Item #210 Iak zhynula Olha Basarabova [How Olha Basarabova died]. Mykhailo Bazhanskyi.
Iak zhynula Olha Basarabova [How Olha Basarabova died]

Iak zhynula Olha Basarabova [How Olha Basarabova died]

Prague: Sektsiia mysttsiv, pysmennykiv ta zhurnalistiv UNO v Prazi, 1941. Original illustrated wrappers. Fair. Item #210

Octodecimo (12,3 x 16,8 cm). 22 pages: portrait. Text in Ukrainian. worn and creased copy; foxing and soiling;

Olga Basarabova (or Basarab) - was a 34-year-old Ukrainian political activist and a member of the Ukrainian Military Organization, who was tortured to death by the Polish police in Lviv in February, 1924. The death of the Ukrainian patriot had caused a large echo in American and European press, as well as a mass outrage of people. There were protests of the “Union of Ukrainian Women” members, other associations and societies in Lviv, Galicia, as well as Ukrainian communities overseas. Olga Basarab’s death was one of the most dramatic events in Western Ukraine in the 1920s. Her name is surrounded with an aura of martyrdom in the struggle for unified and independent Ukraine.

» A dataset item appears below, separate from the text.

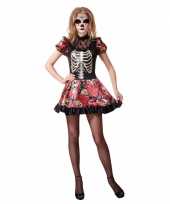 Mexicaans feestjurkje dag van de dood feestje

Mykhailo Bazhanskyi (1910-1994) - a journalist, editor and writer; a prominent leader of the Ukrainian community in the United States, where he immigrated after WWII. Throughout his life he served on various editorial boards, published several journals and books, and contributed numerous articles to Ukrainian periodicals devoted to the study of literature, culture, and scouting. He was involved with the Harvard Ukrainian Research Institute, as well as the Plast, and the Ukrainian community in Detroit.

As of April 2020, OCLC shows three copies in Harvard College Library, University of Illinois and University of Toronto.